Mon, 04/30/2007 - 8:55pm
Jeffrey Riedmiller, Senior Broadcast Product Manager, Dolby Laboratories Inc.

Digital audio level normalization and dialnorm revisited

As the cable industry continues its transition to an all-digital offering, it is more important than ever to review a few key elements about the digital audio system utilized in North American digital cable. This article focuses on the elements that directly impact a cable operator’s ability to reproduce a more consistent experience (with regard to loudness) across digital simulcast channels and locally-encoded ad-insertion spots.
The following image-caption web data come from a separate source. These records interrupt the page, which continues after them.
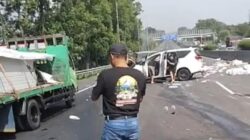 Musibah di jalan tol KM 125, terjadi kecelakaan diduga supir terkesan lalai.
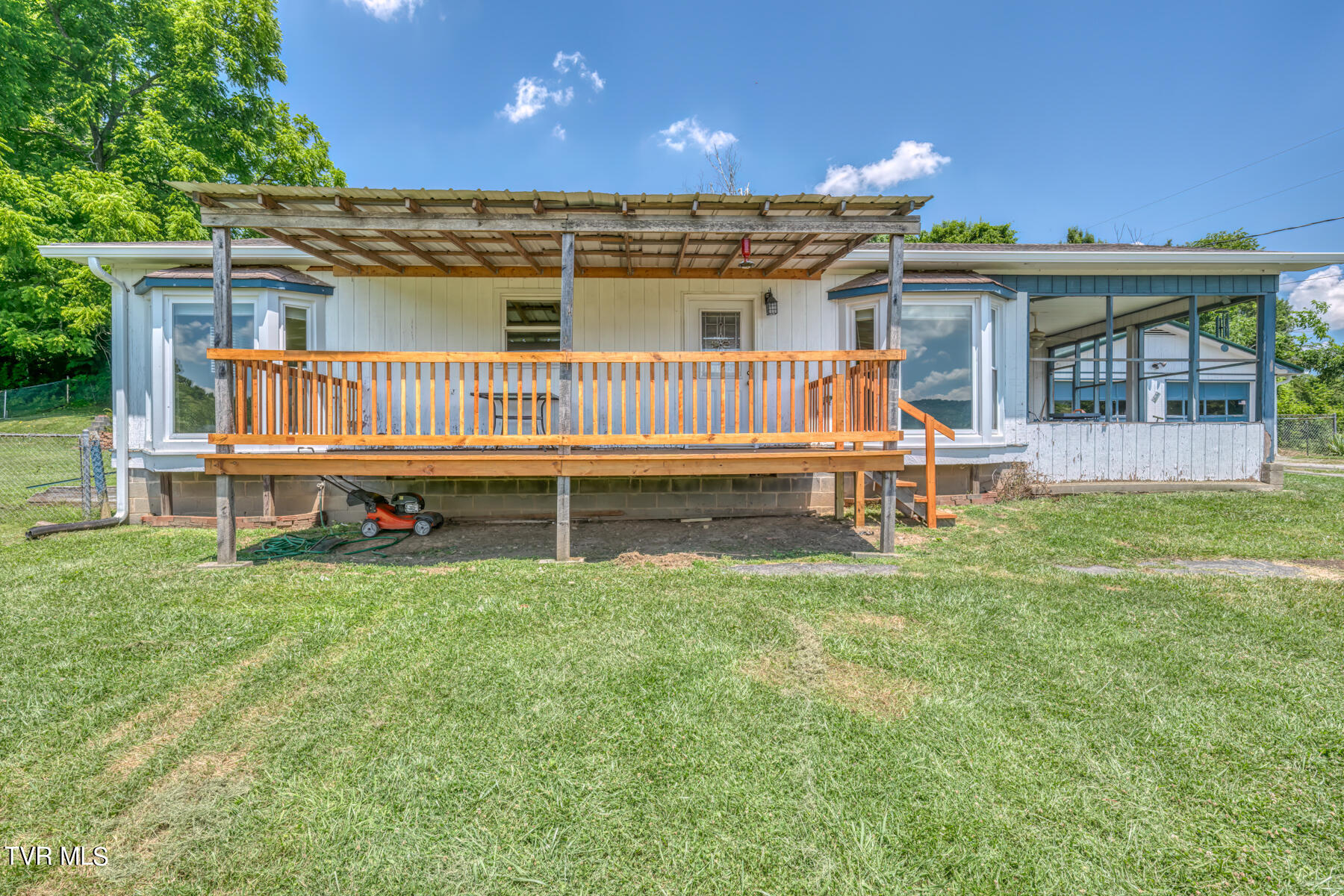 121 Ralph Garland Ln-1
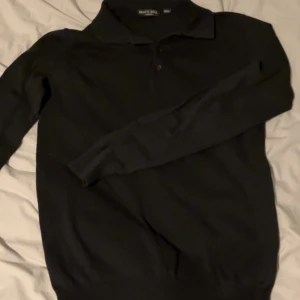 Pike tröja - Säljer nu min sköna piketröja från brave souls i 100% merino ull. Den är i storlek xs men är mer som s/m då jag som är 180 fortfarande kan använda den! Grymt skick ! Skriv om ni har nå funderingar 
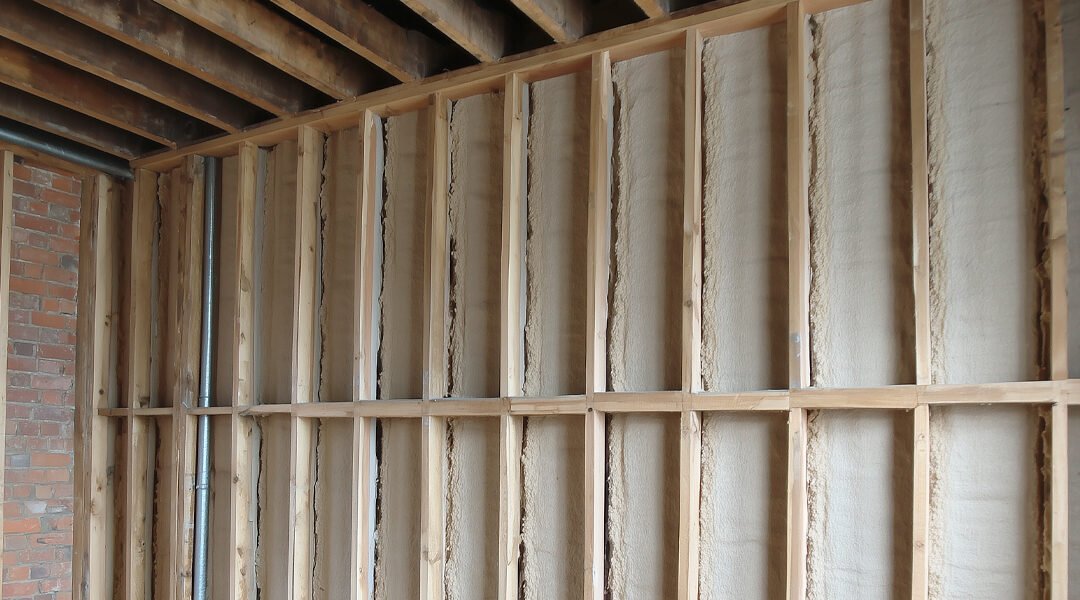 Timber stud wall to tile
This article is not meant to cover the entire subject of the Dolby audio coding system or the science behind loudness estimation.

A central issue is the particular numeric value carried in every AC-3 digital audio bitstream that is sent to your digital subscribers (actually it is carried in every coded audio frame of AC-3). This value is called the Dialogue Normalization (dialnorm) value. The dialnorm value has direct control over the reproduced output level of either the audio decoder in the digital set-top box or in a home theatre system that may also be connected to the digital audio output of the digital set-top box. Many cable engineers have a very good understanding of this parameter already; however, I would like to further “demystify” the dialnorm value and how it interacts with the decoder.

0507-Listen Up Table 1

The dialnorm parameter within the Dolby Digital (AC-3) stream is defined to indicate (i.e., signal) the long-term average level of spoken dialogue to the decoder (in your audio decoder within the digital set-top box or home theatre). Hence, the audio decoder utilizes this information to normalize (scale in a linear manner) the reproduced audio level as it outputs to a consistent (i.e., normalized) level. It is important to note that only a simple gain change made in the audio decoder and the amount of change (to the decoded audio level) is directly controlled by the dialnorm value that was provisioned in the encoder. So, in order for this “simple” and automated gain adjustment to work in the decoder, a target decode level had to be designed into the system. Then, the decoder could then read the dialnorm value from the incoming bitstream and compute the difference between it and the target decode level and subsequently apply this difference to the output levels.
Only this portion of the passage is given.